I have a client with a small sales department. He just purchased SBS 2003 R2, he wants me to install it, and then he wants to use it as a workgroup network instead of a domain network. I know that you have to create a Domain during setup, but is it possible to use the server as a workgroup afterward? 

Thanks,
Jerry Baker


----------



## rlagrotta (Dec 13, 2008)

Jerry,

I have a similar problem. Curious to know if you, or anyone else found a way to install SBS 2003 RS in a Workgroup, not a Domain.

Rick


----------



## XtabbedoutX (Sep 12, 2007)

rlagrotta,

Jumping in on someone else's Thread is called Hi-Jacking and is against Forum Rules.

If you have a question please start your own Thread.


----------



## bilbus (Aug 29, 2006)

just don't install active directory. Why would you want a workgroup ...

A basic AD setup is simple. Even if you dont want the workstations to login to AD .. you can have them login localy and just match the passwords on the local accounts and the domain acocunts.


----------



## steveg3 (Mar 3, 2009)

XtabbedoutX
I have just read and observed the rules very carefully 5 times over.

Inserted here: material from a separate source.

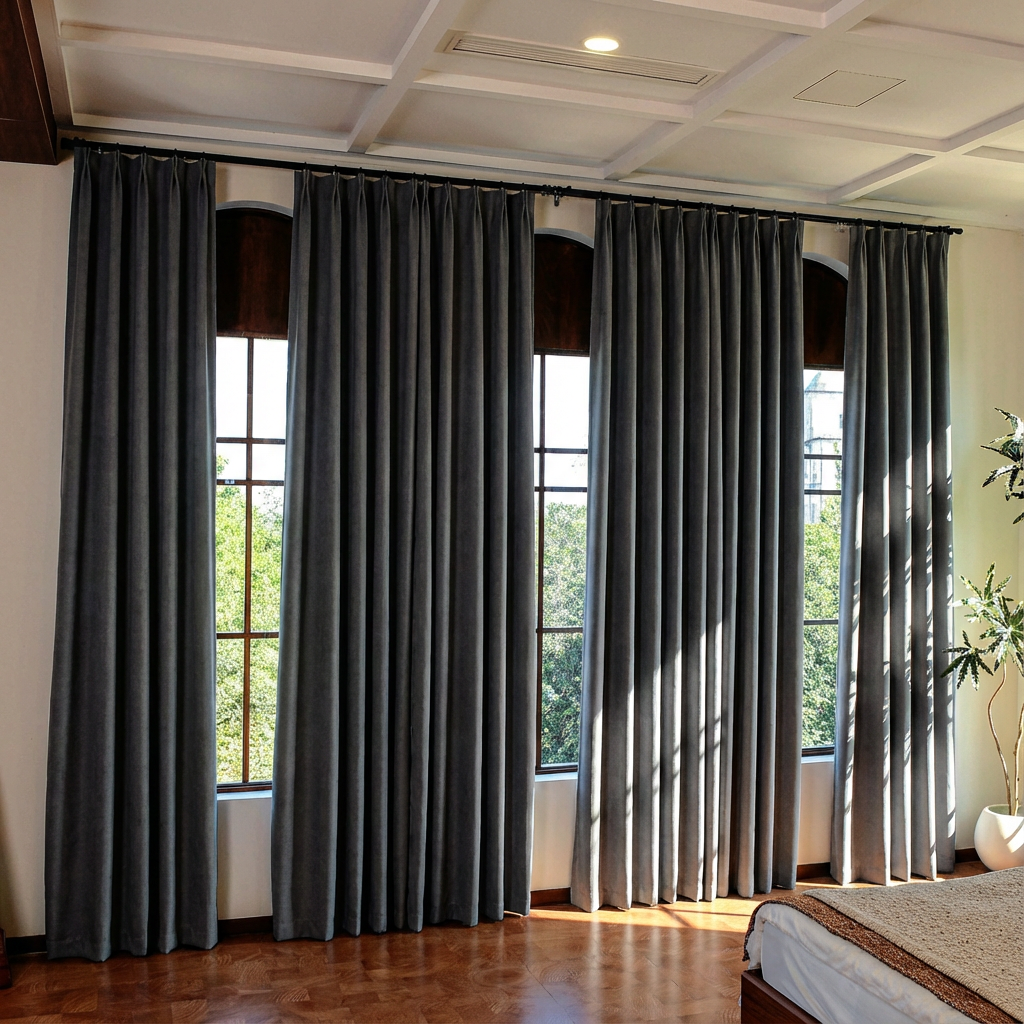 Dark grey luxury silk-fiber blackout curtains from DWCN Official, showcasing elegant drapery with smooth texture and blackout lining.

Could you kindly site which part of them you are complaining that rlagrotta
is breaking?

Please tell me in your own words exactly what riagrotta is doing wrong and then
quote the text in the rules where he is doing this.

I don't see any problem with people working together and sharing the details of fixing a problem.

I too would also like to know the outcome and what he finds.
If you will not site which specific rule is being broken please kindly remove your
comment, it makes YOU look really really bad here.

Thank you...

Steve


----------



## bilbus (Aug 29, 2006)

he needs to start a new thread if he wants help ... its called thread hijacking.

You can install Ad and not use it if you like.


----------